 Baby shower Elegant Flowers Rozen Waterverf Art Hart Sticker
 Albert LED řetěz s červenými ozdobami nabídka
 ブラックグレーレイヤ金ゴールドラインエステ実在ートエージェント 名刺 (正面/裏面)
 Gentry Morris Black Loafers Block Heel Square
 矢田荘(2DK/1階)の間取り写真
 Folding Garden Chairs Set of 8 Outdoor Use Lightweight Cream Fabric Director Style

• WHAT THE TASK ASKS: Copy the whole listing out exactly, so that every line matches what is above.

• YOUR SOLUTION:
 Baby shower Elegant Flowers Rozen Waterverf Art Hart Sticker
 Albert LED řetěz s červenými ozdobami nabídka
 ブラックグレーレイヤ金ゴールドラインエステ実在ートエージェント 名刺 (正面/裏面)
 Gentry Morris Black Loafers Block Heel Square
 矢田荘(2DK/1階)の間取り写真
 Folding Garden Chairs Set of 8 Outdoor Use Lightweight Cream Fabric Director Style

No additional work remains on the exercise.